Talent acquisition trends and regulations are driving deferred compensation and carried interest plans into uncharted territory

Executive pay is a hot and complex topic in the financial services industry. Once made public, a firm’s deferred compensation, share or carried interest plans can be scrutinised by the press, institutional shareholders and employees.

The disclosure of executive compensation can also get personal. It can say a lot about how senior management and shareholders value employees’ contributions. And – perhaps more telling – their own. For example, according to a Financial Times report, while more than 40% of shareholders voted against UK events and publishing group Informa’s plan to reduce the incentive criteria for its CEO and CFO, the company still implemented the proposal.

Besides AGM outcry another factor impacting executive compensation is continual regulatory change.

How are regulations impacting executive compensation?

Under the EU Undertakings for Collective Investment in Transferable Securities Directive (UCITS) and their Alternative Investment Fund Managers Directive (AIFMD), as well as the UK’s post-Brexit equivalent, the rules are bringing more financial services firms within the Capital Requirements Directive remit. This means executives must pay at least 50% of any deferred or non-deferred portions of their variable remuneration (including bonuses) into funds they or their firms manage.

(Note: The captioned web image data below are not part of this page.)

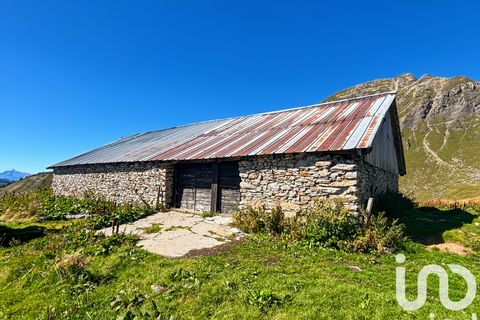 Landhuis in Chatel, Haute-Savoie, Chatel - € 530.000 | Ref: 52890 - foto 2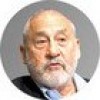 Joseph Stiglitz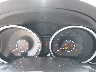 19UUA86519A****** Salvage 2009 Acura TL in Springfield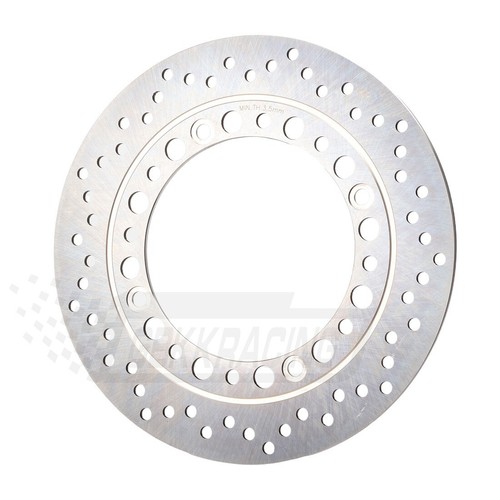 Rotore disco freno - , anteriore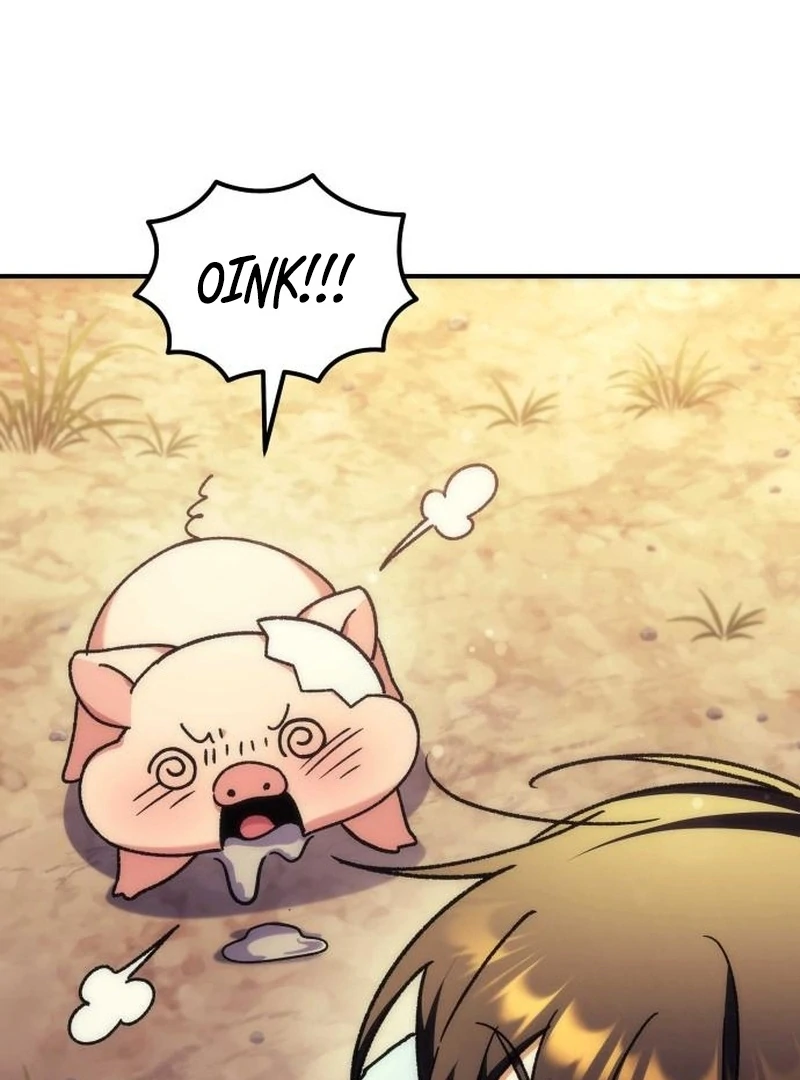 041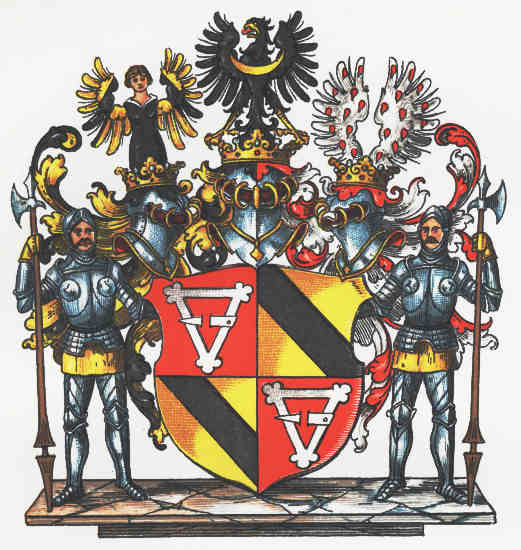 Zedlitz (Adelsgeschlecht) Wikipedia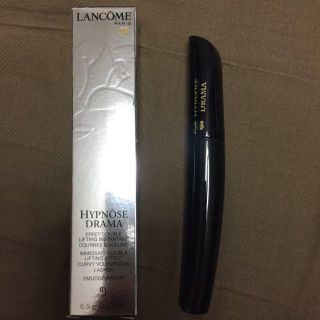 ランコム(LANCOME)のランコム マスカラ(その他)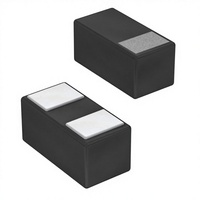 HDYu-Original et nouveau ESDA25P35-1U1M TVS DIODE 22VWM 41VC 1610 ESDA25P35-1U1M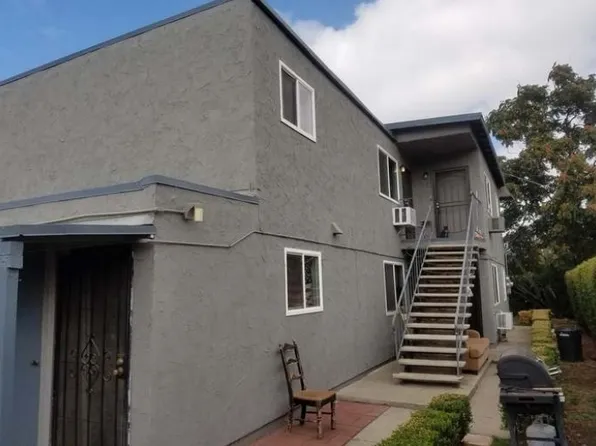 12633 Lindo Ln #C, Lakeside, CA 92040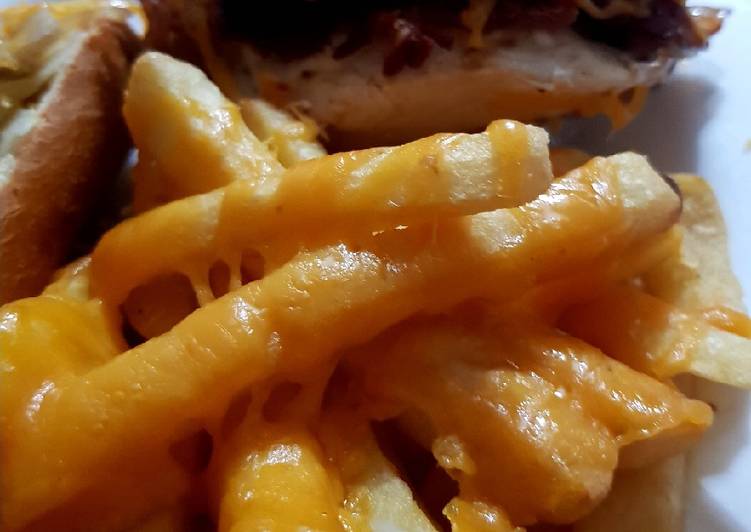 My Chicken,Bacon crusty Baguette. π€π€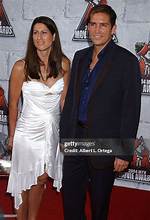 Jim Caviezel and Kerri Browitt: a Journey of Love and Faith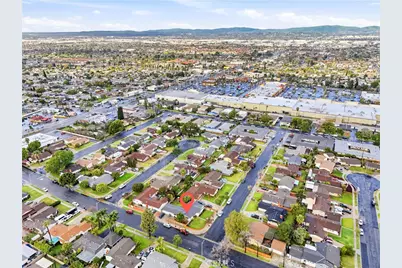 537 S Priscilla, Anaheim, CA 92806 - Photo 59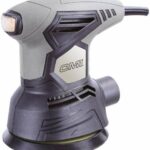 CMI C-EXS-240 recenze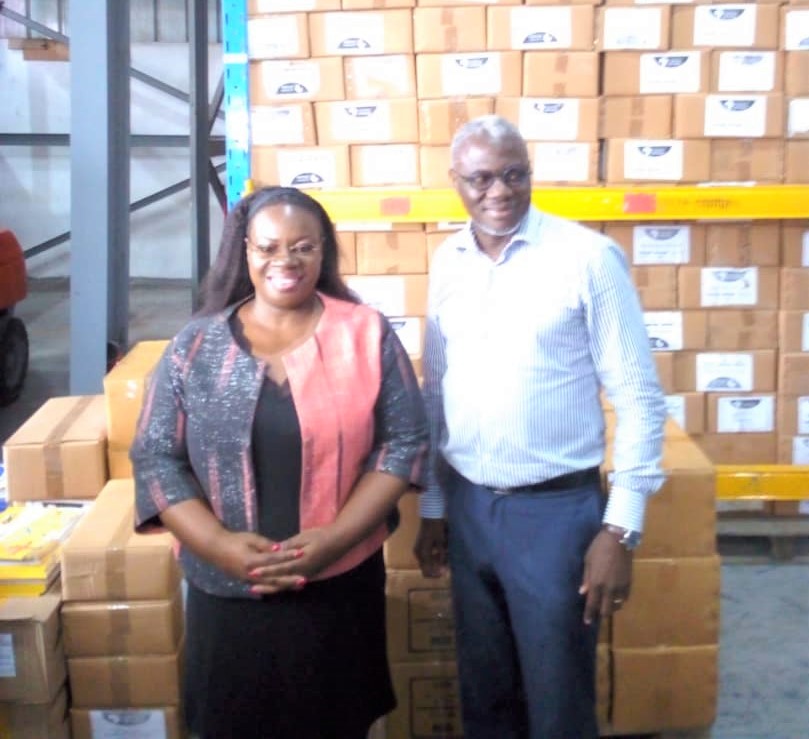 Rentrée scolaire 2023-2024 / Le CNLVC met en garde contre toute augmentation du prix des manuels scolaires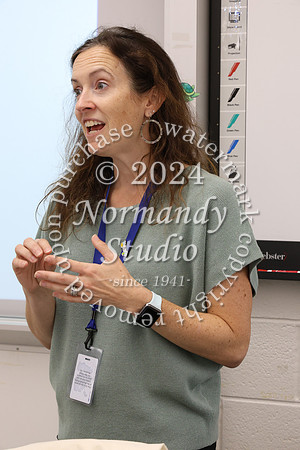 WHS_slc_063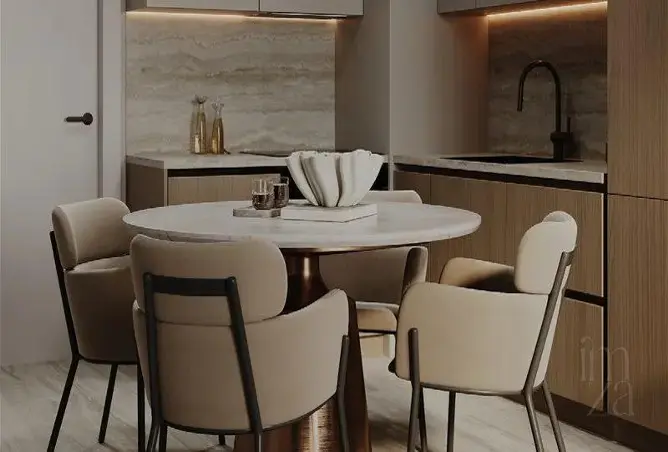 125651774 - Property Image 3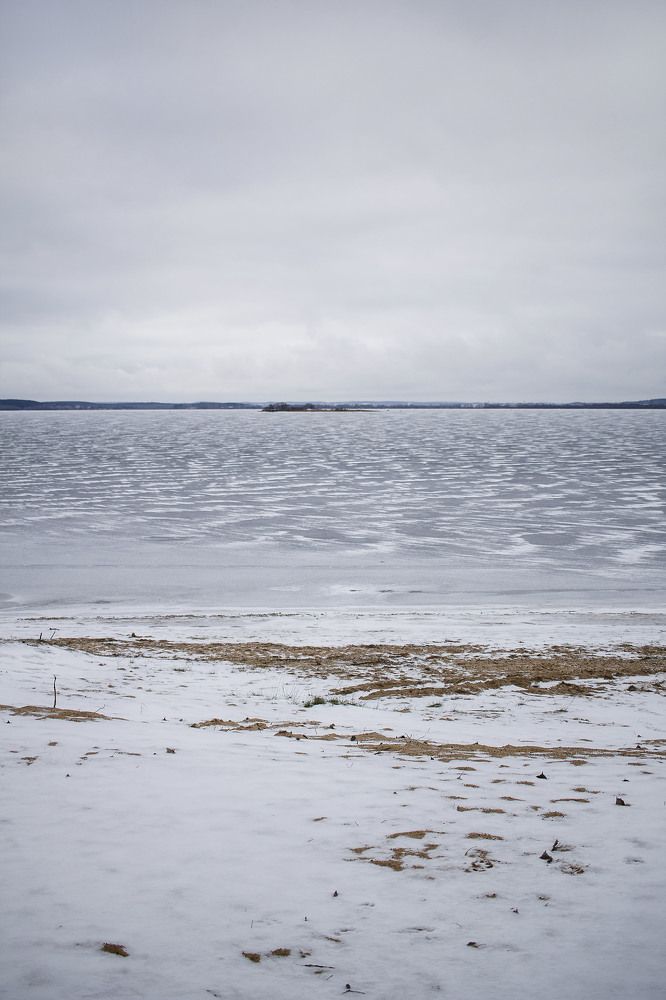 Photograph by Майя Чехова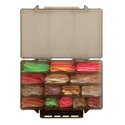 Кутия за силикони Daiichi MC Case #195P 33255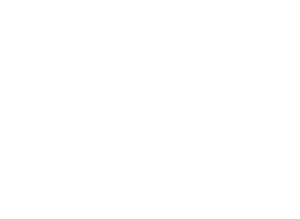 AAA 4 Diamond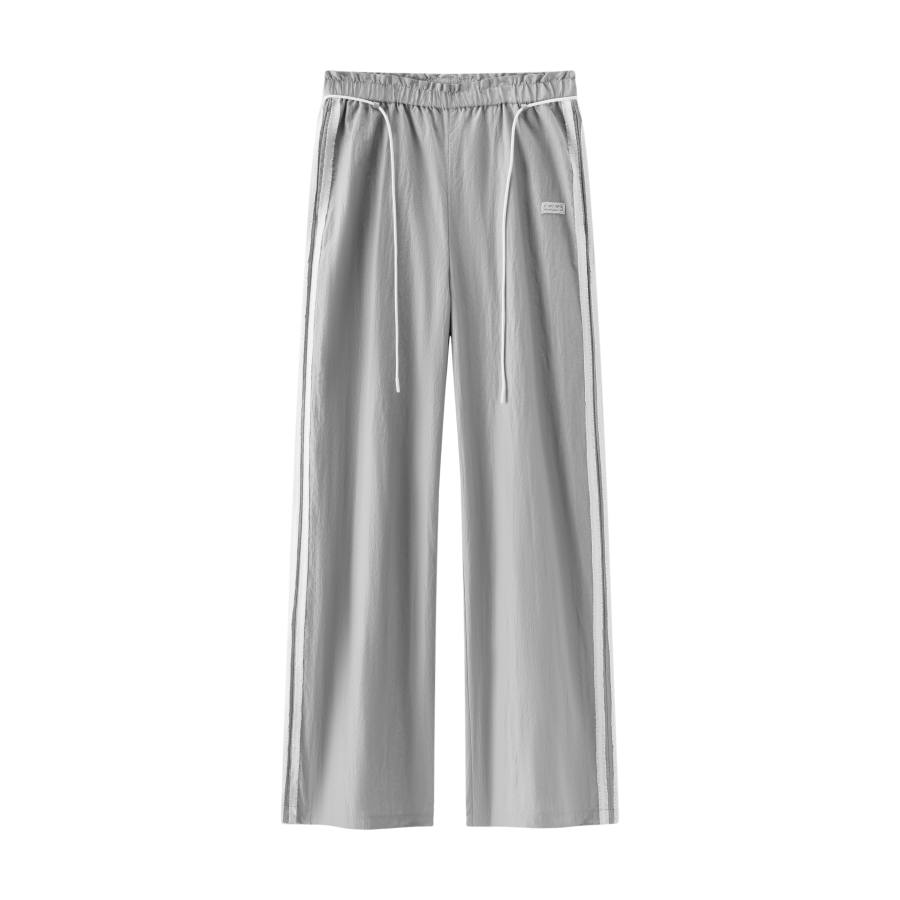 Semir Mall Same Style Women's Apparel Casual Pants Women's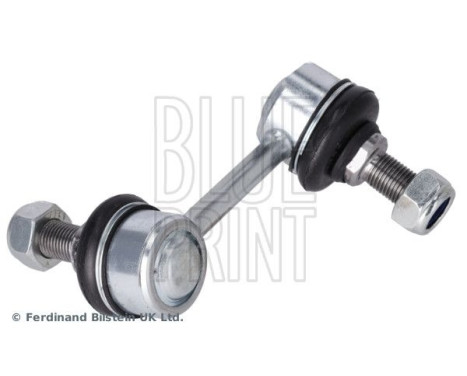 Rod/Strut, stabiliser ADG085125 Blue Print, Image 3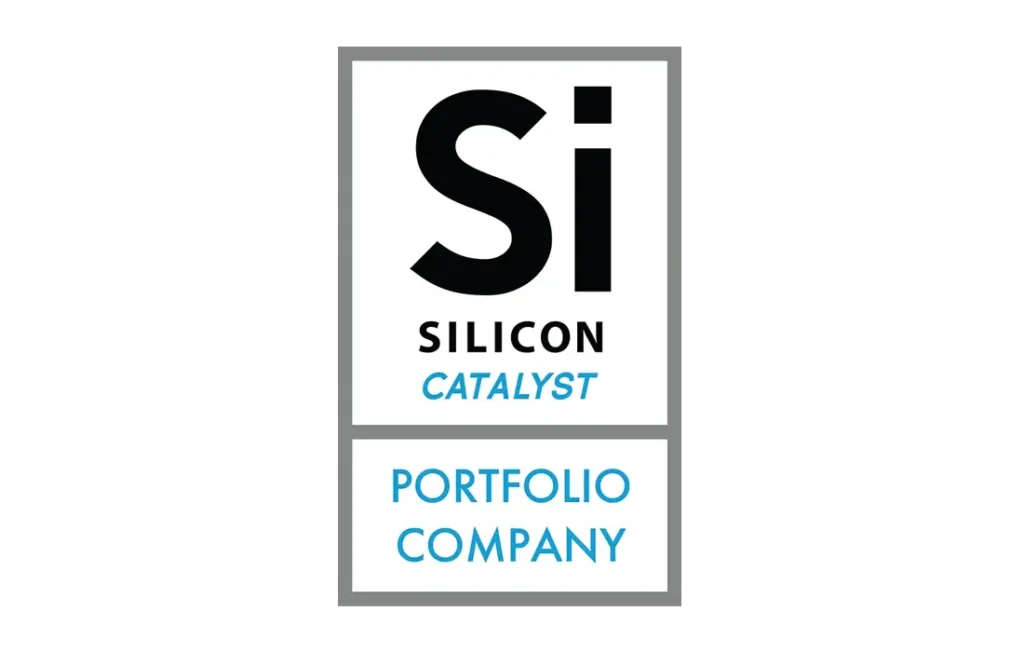 Silicon Catalyst’s Summer Portfolio Update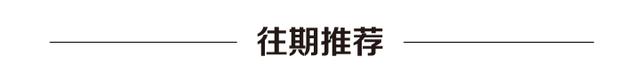 为什么有的抖音不能搜到趣测星球小程序(为什么有的抖音不能搜到趣测星球小程序呢)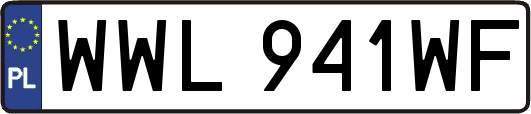 WWL941WF
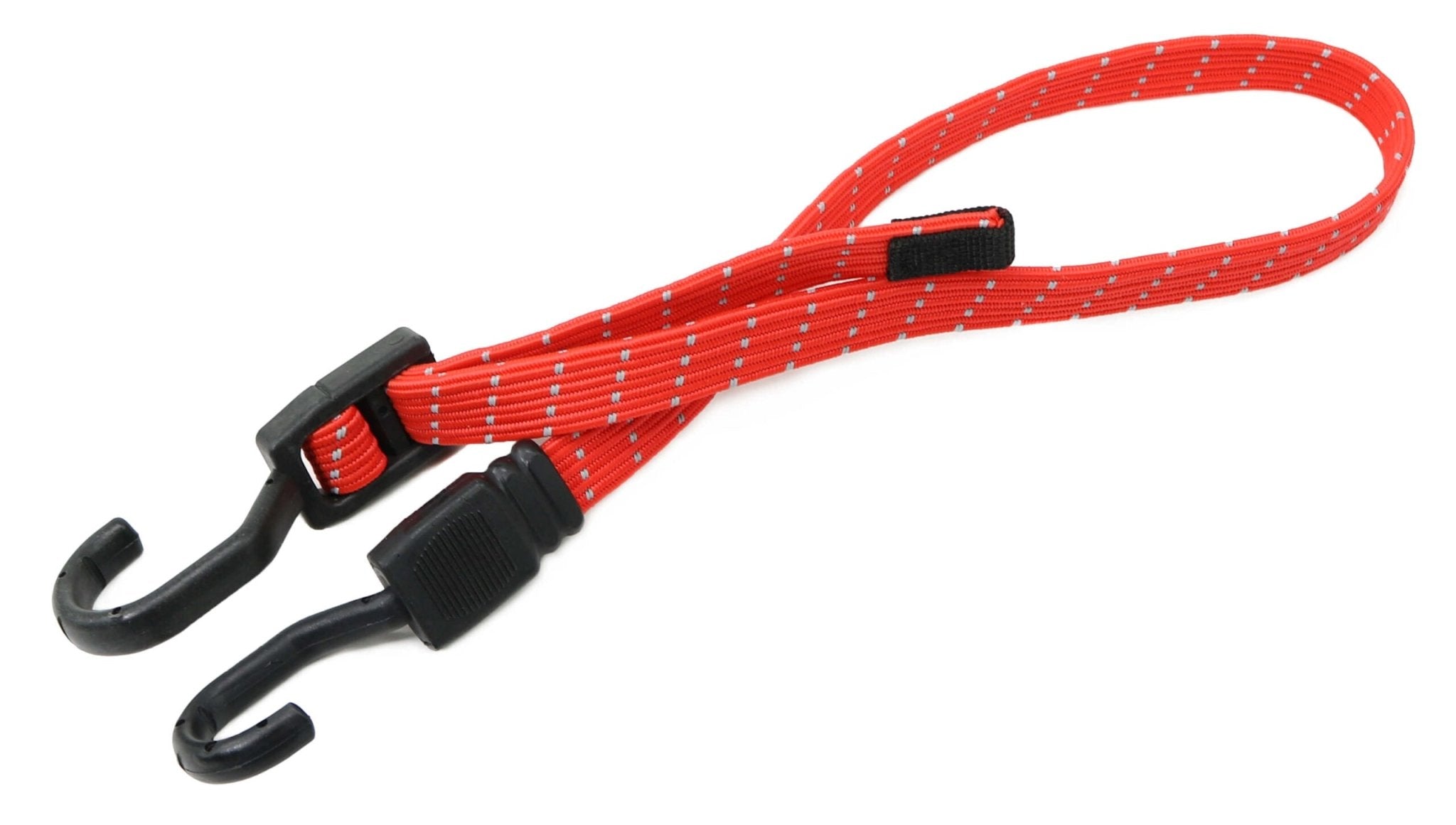 BBG Reflective Bungee Cord - LRL Motors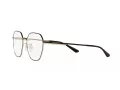 Emporio Armani EA 1145D 3014 55 Women glasses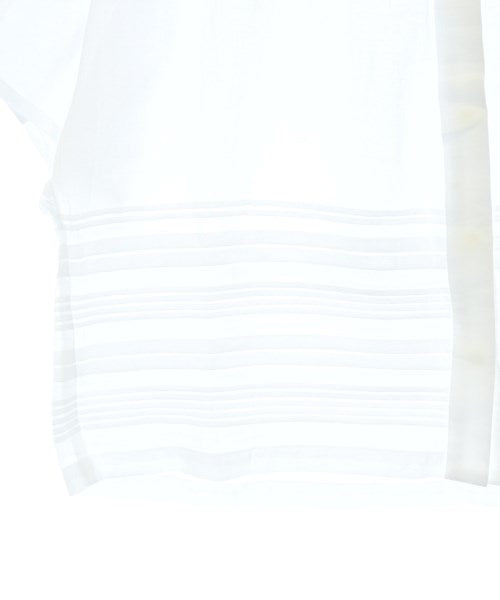 PLAIN PEOPLE เสื้อสตรี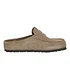 Birkenstock - W Naples Wrapped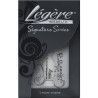 Caña Requinto Eb Legere European Cut 4 Outlet
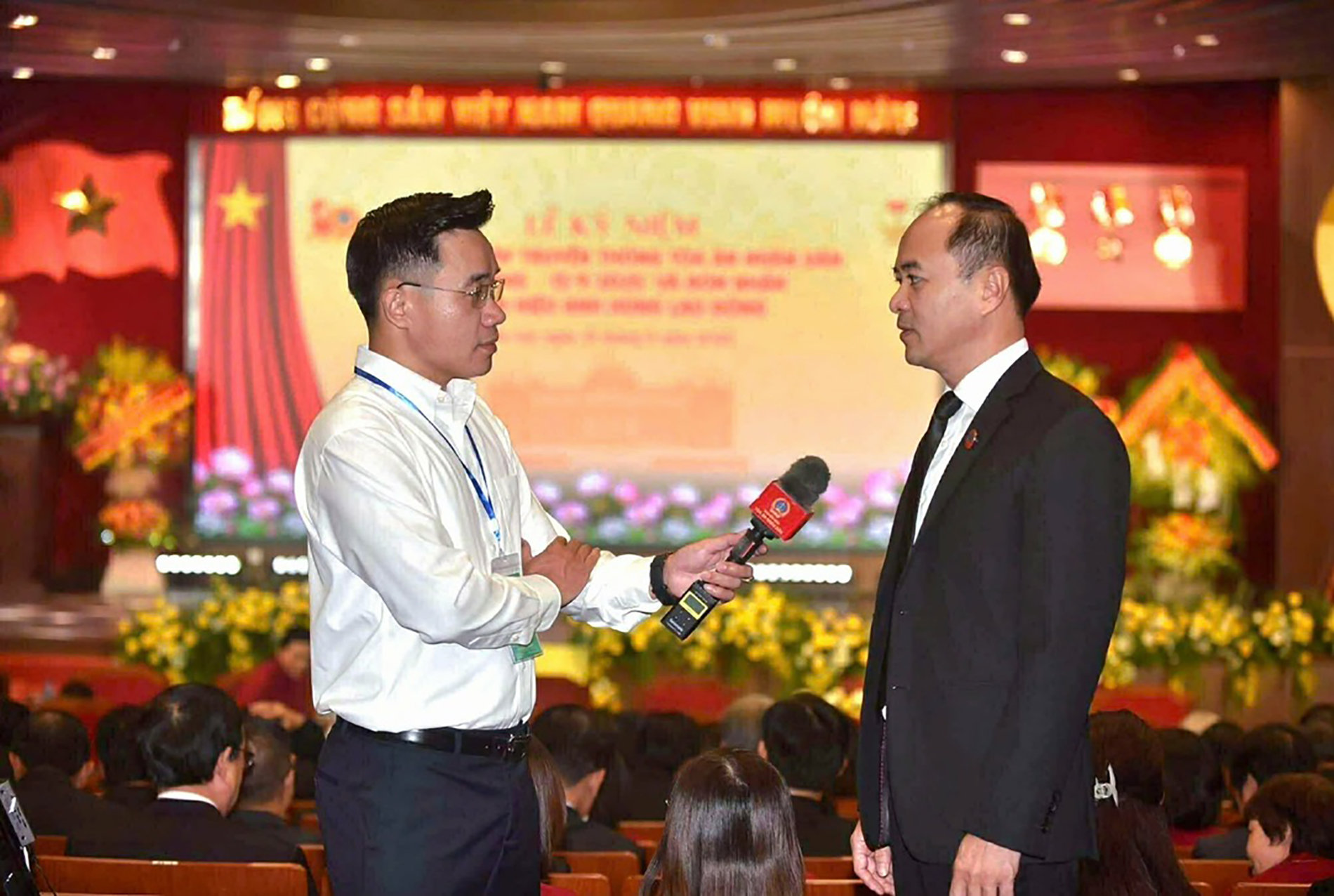 Thẩm phán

This personal commitment gives fund investors confidence that managers are incentivised as material risk-takers in the financial instruments they manage. It also compensates for unforeseen losses of the sort experienced in the 2008 subprime mortgage crisis.

What is a fund-based deferral arrangement?

Asset management breeds a highly competitive recruitment environment. The top talent can demand significant – and often complex – remuneration packages.

Fund managers are often not content with “standard” remuneration components such as salary, cash bonus and equity awards. They typically expect to participate in and benefit from the funds or investments that they manage or support.

A fund-based deferral arrangement addresses this need and provides a mechanism to comply with regulatory deferral obligations. These sophisticated agreements can include a host of instruments, including units or shares, equivalent ownership interests, share-linked instruments and equivalent non-cash instruments relating to the funds.

Some HR departments handle a combination of these plans alongside carried interest structures if the firm has a private equity division. Third-party tax, legal and remuneration experts can act as an independent layer of compliance and employee communications for these plans.

In such cases, employee communications are business-critical. Best practice is to provide a platform or microsite with the latest information about deferred compensation and carried interest plans. Intertrust Group offers this one-stop-shop solution to clients.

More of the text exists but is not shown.